About Us

IMRA
IMRA
IMRA

 

Subscribe

Search


...................................................................................................................................................


Monday, February 23, 2015
ZOA Op-ed in JPost: Israel Has Overcome Many Disputes with US Since 1948

ZOA Op-ed: Israel Has Overcome Many Disputes with US Since 1948
Jerusalem Post
February 22, 2015
by Morton Klein and Daniel Mandel

We are at that periodic occurrence, a crisis in Israeli/U.S. relations. This
one revolves around White House pique over Israeli Prime Minister Benjamin
Netanyahu's acceptance of an invitation by House Speaker, John Boehner, to
address the U.S. Congress on Iran's nuclear weapons program, an issue on
which the White House and Jerusalem have been divided for some time.

But any remotely careful analysis of the U.S./Israeli relationship will show
that Jerusalem and the White House (but rarely the Congress and, by
extension, the U.S. electorate) have often clashed on issues deemed vital to
Israel's security and existence. In fact, Israel's first Prime Minister,
David Ben-Gurion, declared Israel's very independence in the face of strong
opposition from U.S. Secretary of State George Marshall.

Though personally favorable to Israel and quick to extend recognition to the
new Jewish state when it emerged in May 1948, President Harry Truman imposed
an arms embargo during Israel's 1948-49 war of survival against six Arab
nations. The embargo hurt Israel, which had few sources of weaponry, rather
than the Arabs, who enjoyed many.

In 1956, Israel conquered the Sinai from the Egyptians, following six years
of constant attacks by terrorist bands (fedayeen) sponsored by Egypt.
Nonetheless, the Eisenhower Administration insisted on Israel withdrawing
completely from Sinai without any peace treaty or recognition demanded from
Egypt and threatened Israel with sanctions if it failed to comply.

In 1967, Egypt imposed a blockade on Israel's southern port at Eilat.
Israeli Foreign Minister Abba Eban asked President Lyndon Johnson to honor
U.S. commitments made in 1957 to ensure free passage of Israeli shipping and
break the blockade. Johnson refused.

When Israel was attacked by Egypt and Syria in 1973 the U.S. pressured
Israel into ending the war prematurely when Israeli forces were on the road
to Damascus and Cairo. This prevented Israel from reaping a more decisive
military victory.

During the Carter Administration, the U.S. voted for UN Security Council
resolutions calling on Israel to withdraw from Lebanon following an Israeli
incursion in 1978 - despite the fact that Lebanon had been the launching pad
for major terrorist attacks on Israel - and condemning Israel's annexation
of the eastern half of Jerusalem; both vitally important issues to Israel.

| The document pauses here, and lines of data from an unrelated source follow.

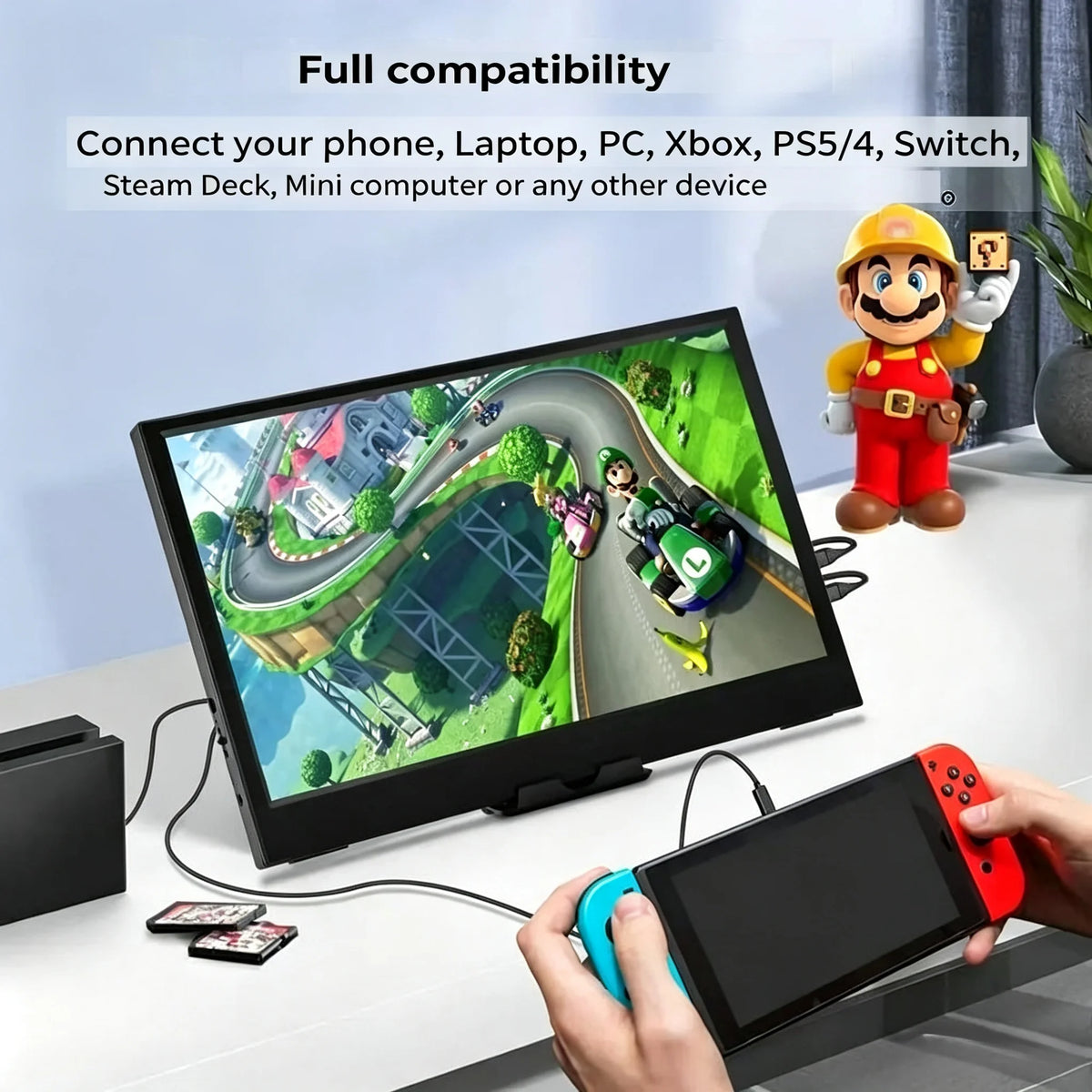 14" 1920x1200 IPS Portable Monitor, 16:10, Dual Speakers and Stand - image 5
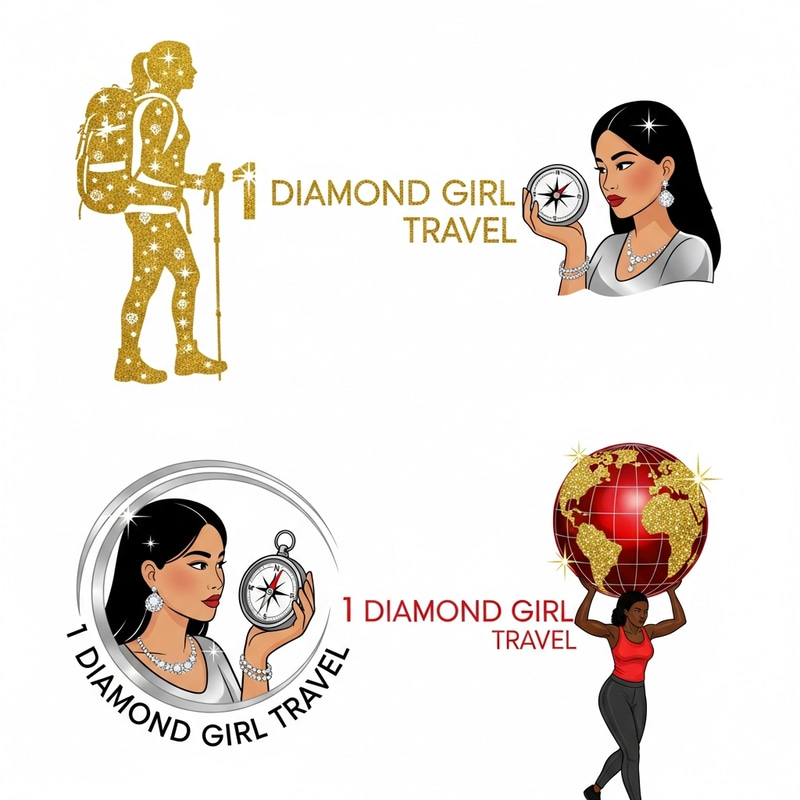 1 Diamond Girl Travel: Gold, Silver & Red Logo Samples 1 Diamond Girl Travel: Gold, Silver & Red Logo Samples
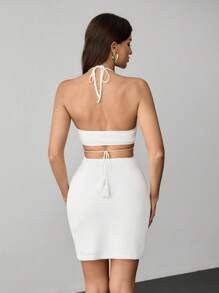 SHEIN Tall Knitted Jacquard Beaded Details Tassel Tassel Strap Sexy Waist Hollow Back Halter Neck Tight Dress Sexy Holiday Style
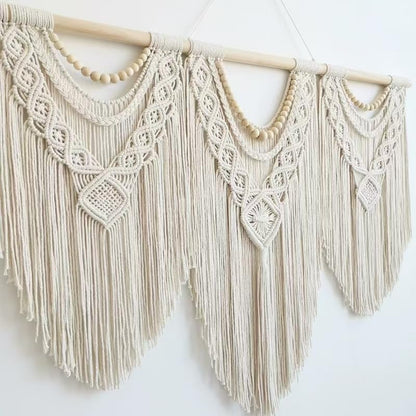oiikain Large Handmade Boho Macrame Wall Hanging Tapestry - Chic Bohemian Woven Home Decor art for Living Room, Bedroom, and Wedding Parties (Beige, twelve rhombus)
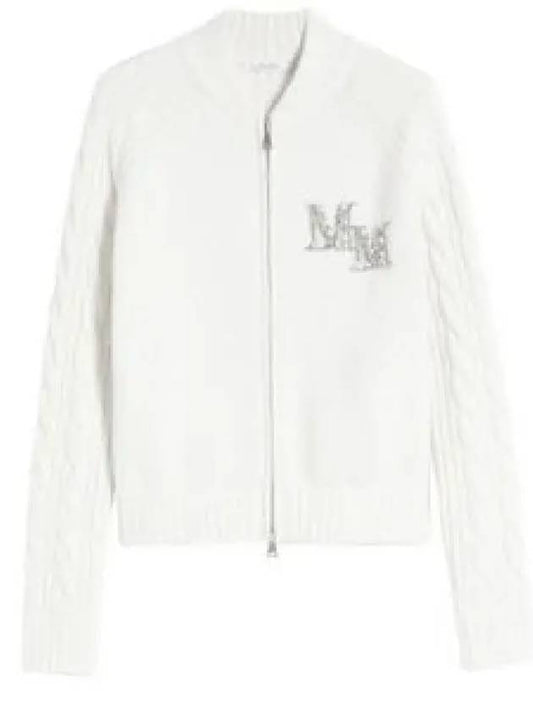 Women's Crystal Logo Wool Cashmere Zip-Up Cardigan White - MAX MARA - BALAAN 2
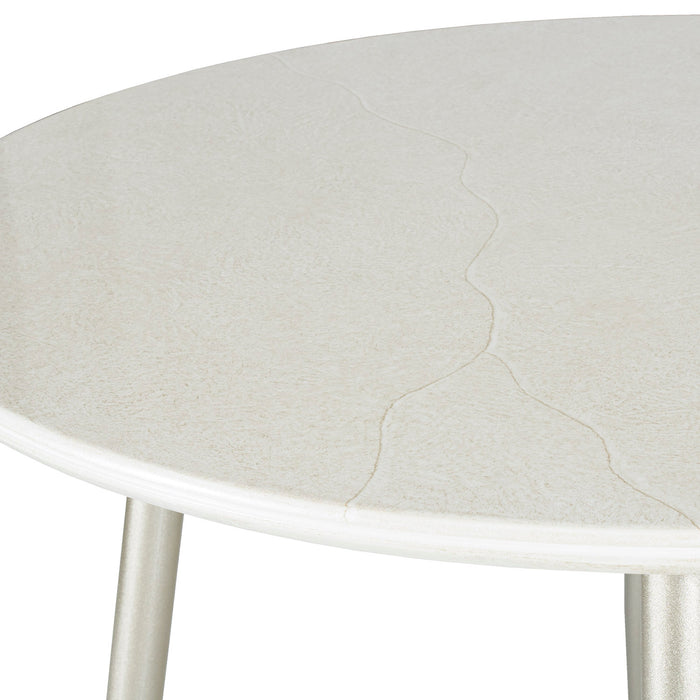 Comedor 4 Ptos Oslo Circular Velvet Beige, Champaña Poliuretano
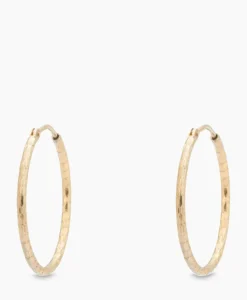 Anna+Nina Oorbellen Hammered Plain Hoop Earrings Xl Silver G Goud
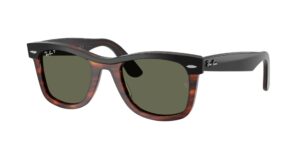 0RB2240 WAYFARER 144058 - Black On Havana - Polarized Green - Size 50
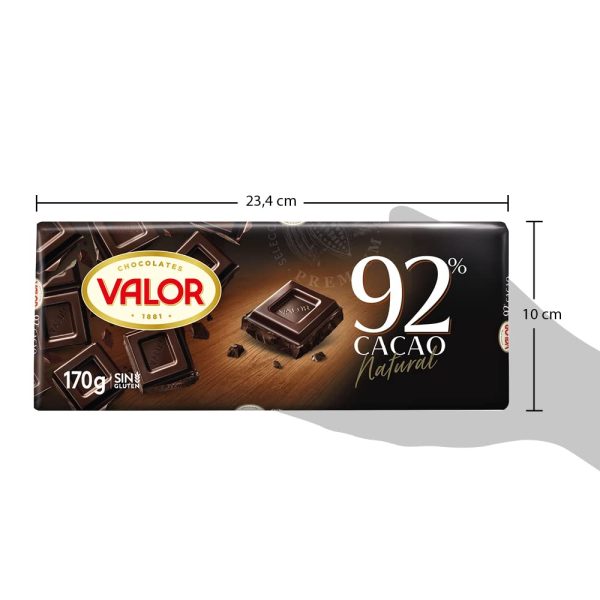 Tableta de Chocolate Negro 92% - Intenso Sabor y Aroma - Sin Gluten y Apto para Celiacos 170 Gramos (Cad: 31 01 2025) Sale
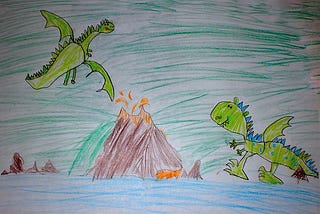 A drawing of two seemingly playful dragons by a child. Despite its obvious flaws, the colourful drawing is complete in itself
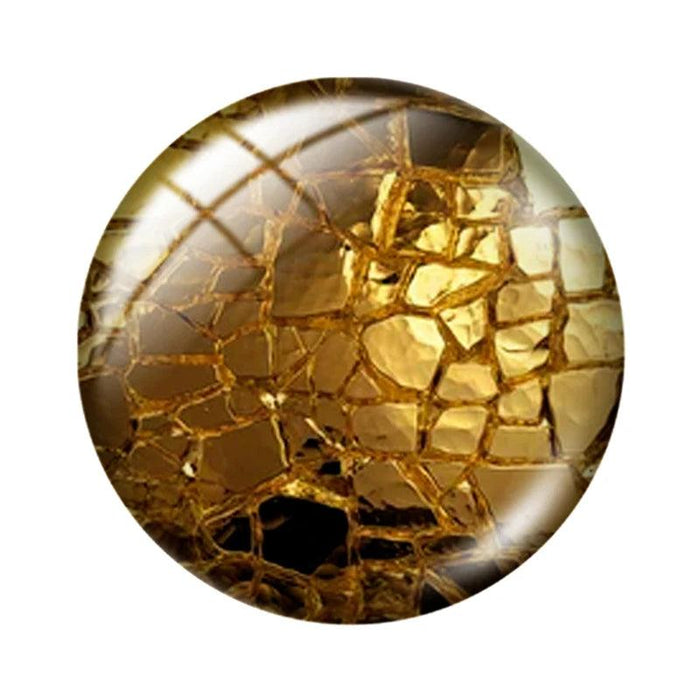 Luxurious Gold-Inspired Glass Cabochon Collection - 10 Distinct Sizes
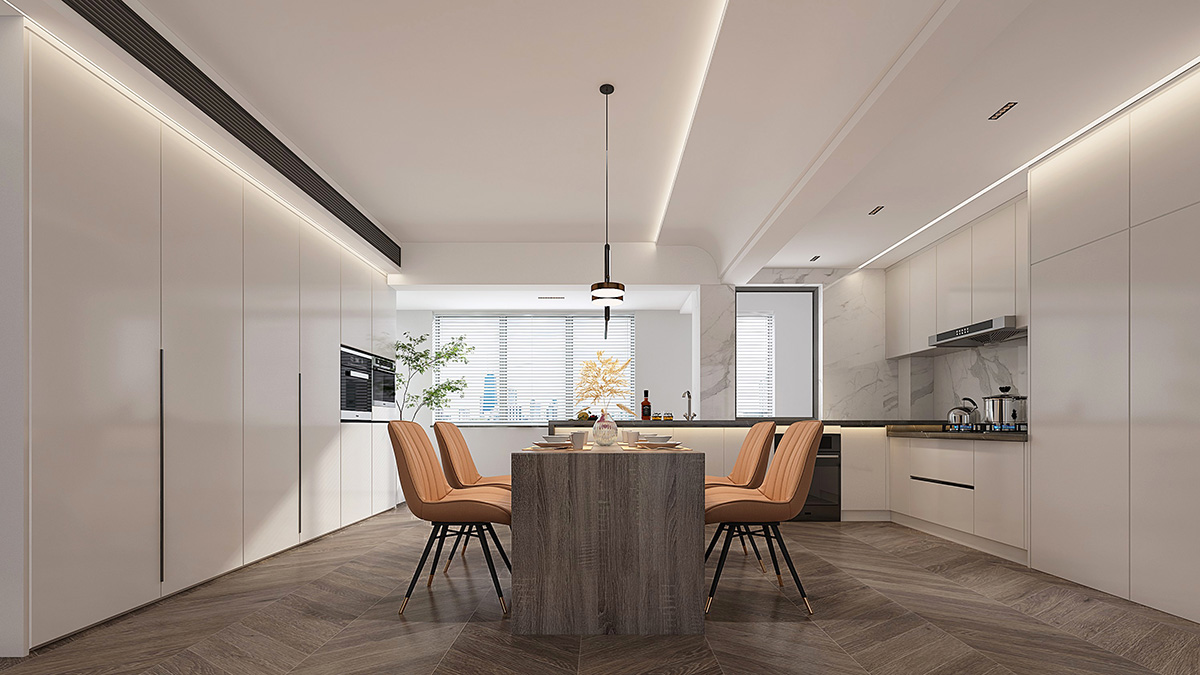 梅溪青秀128㎡雅致現(xiàn)代三居室 裝修案例效果圖-1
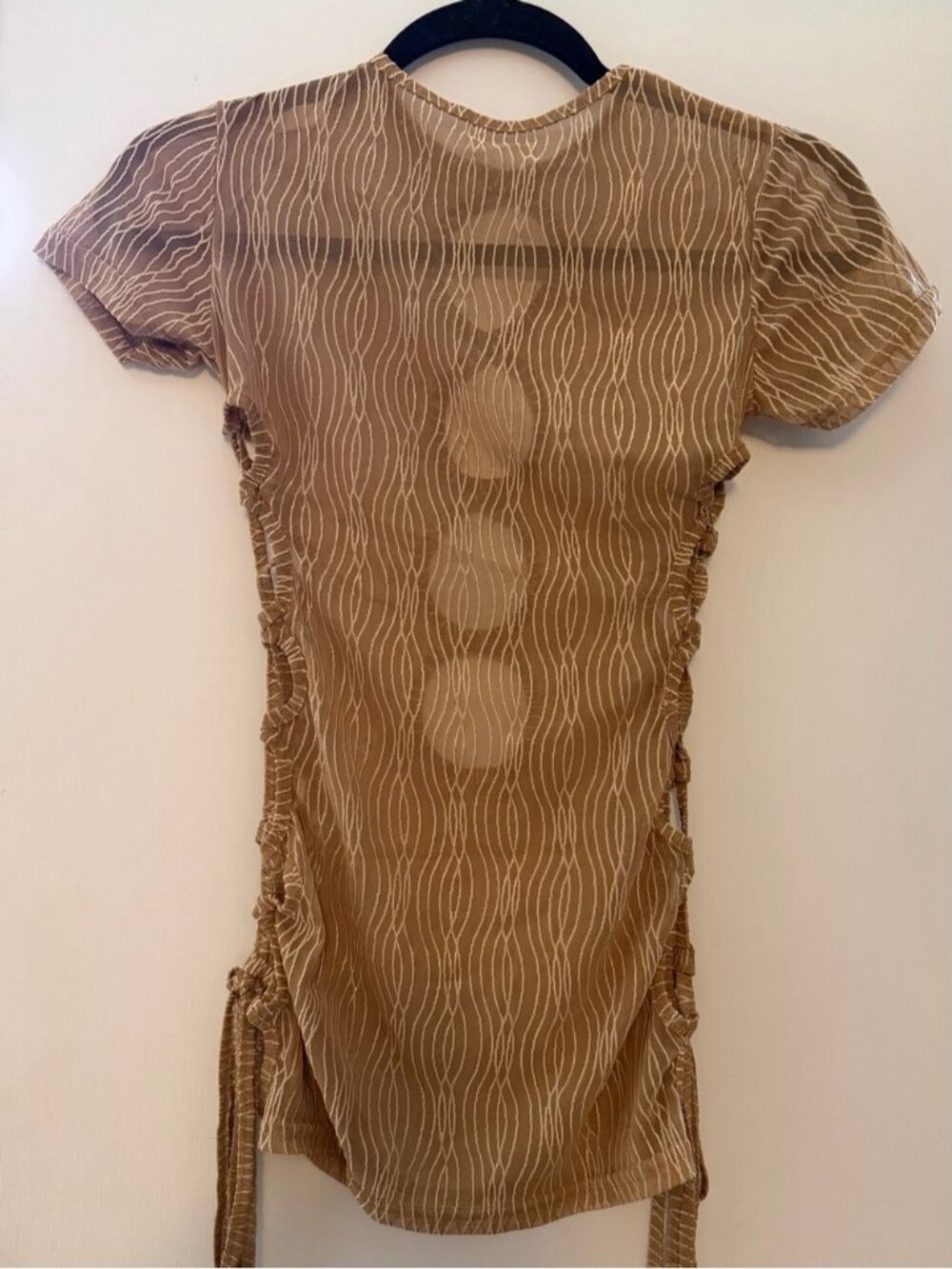 Ruched Side Mini Dress in Tan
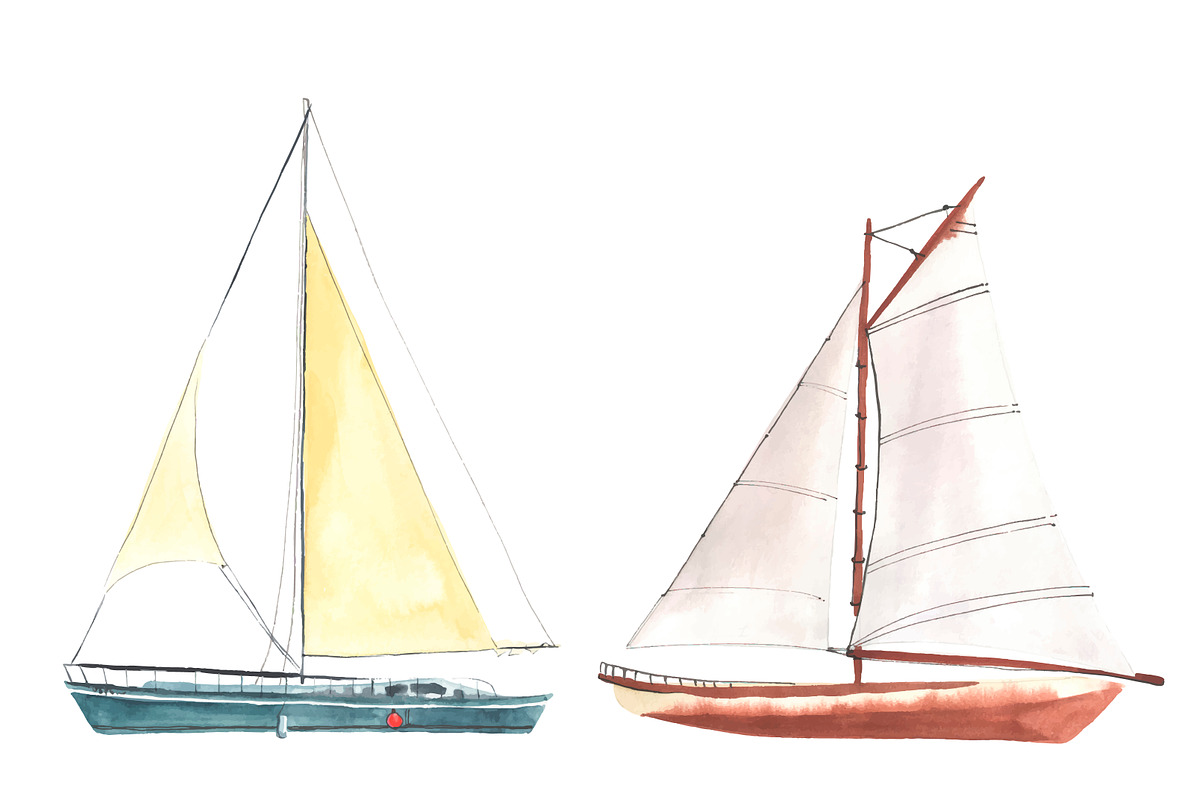 Watercolor Sailboats, a Sport Illustration by Olga Bonitas (Photo 4 of 4)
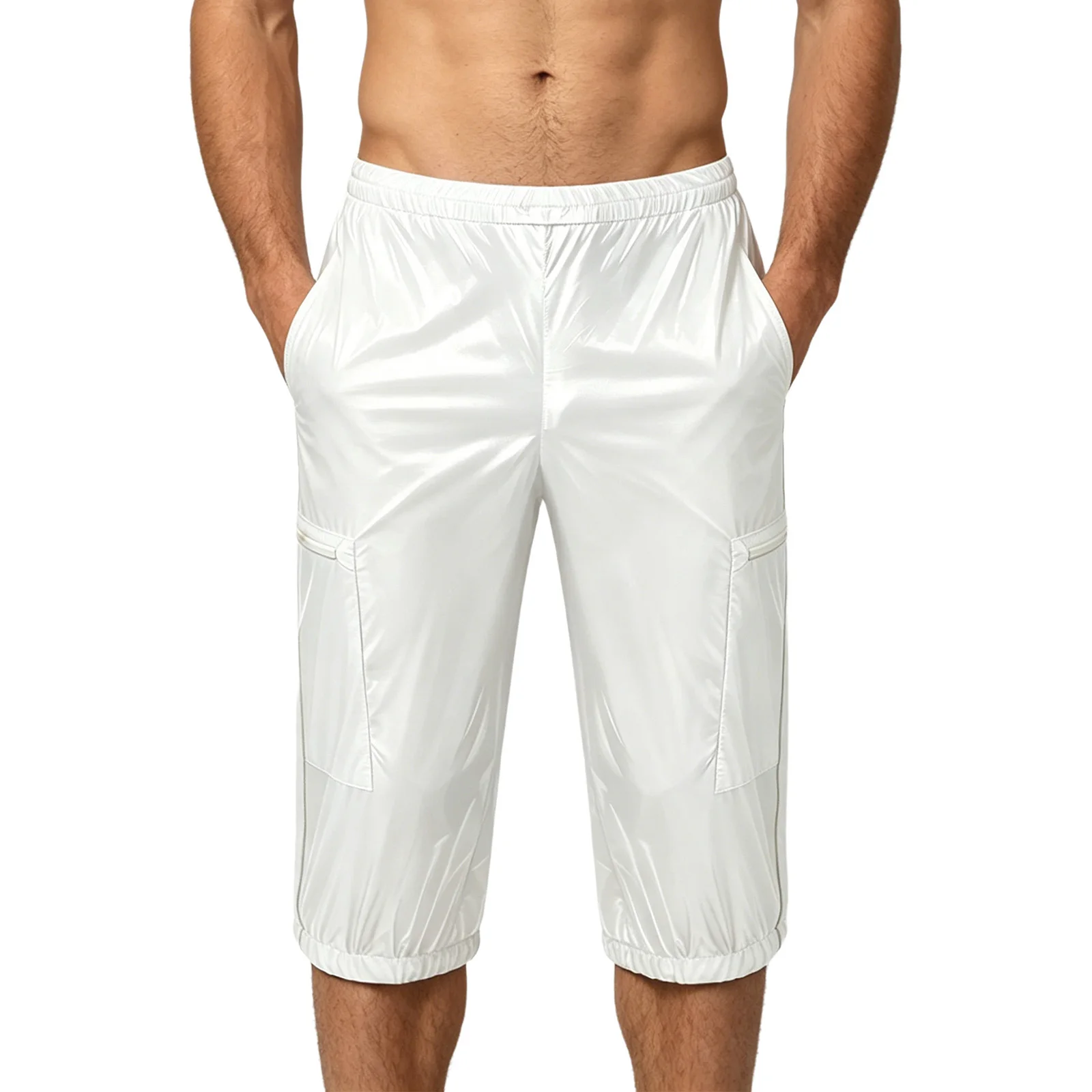 

Мужские водонепроницаемые шорты-карго с несколькими карманами на молнии, эластичный пояс, комбинезоны, брюки-капри, одежда для танцев, вечеринок, клубов, пляжная одежда, купальники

In 1981, Prime Minister Menachem Begin ordered the destruction of Saddam
Hussein's Osirak nuclear reactor. This was condemned by the Reagan
Administration, even though a nuclear-armed Saddam would have posed a mortal
threat to Israel.

Successive U.S. administrations have opposed Israeli settlement in the
territories conquered in 1967, leading to recurrent tensions and crises in
the relationship. In 1992, the first Bush administration even withheld loan
guarantees to Israel in protest of Israeli settlement policies.

During the Oslo peace process (1993-2000), the Clinton administration often
pressured Israel to make one-sided concessions of territory, arms, assets
and even the releasing of imprisoned Palestinian terrorists, while ignoring
Palestinian failure to comply with its obligations to stop terrorism and end
the incitement to hatred and murder that feeds it. Securing new agreements
was preferred to holding Palestinians to past ones, as U.S. chief negotiator
Dennis Ross subsequently admitted.

The U.S. has criticized Israel's security fence and both President George W.
Bush and Secretary of State Colin Powell pressured Israel to curtail
military incursions against terrorist strongholds, most notably during
Israel's offensive in Jenin in 2002. Despite U.S. understanding that the PA
has been a haven and launching pad for terrorists, the Bush Administration
pressed Israel to resume negotiations and make concessions to the PA.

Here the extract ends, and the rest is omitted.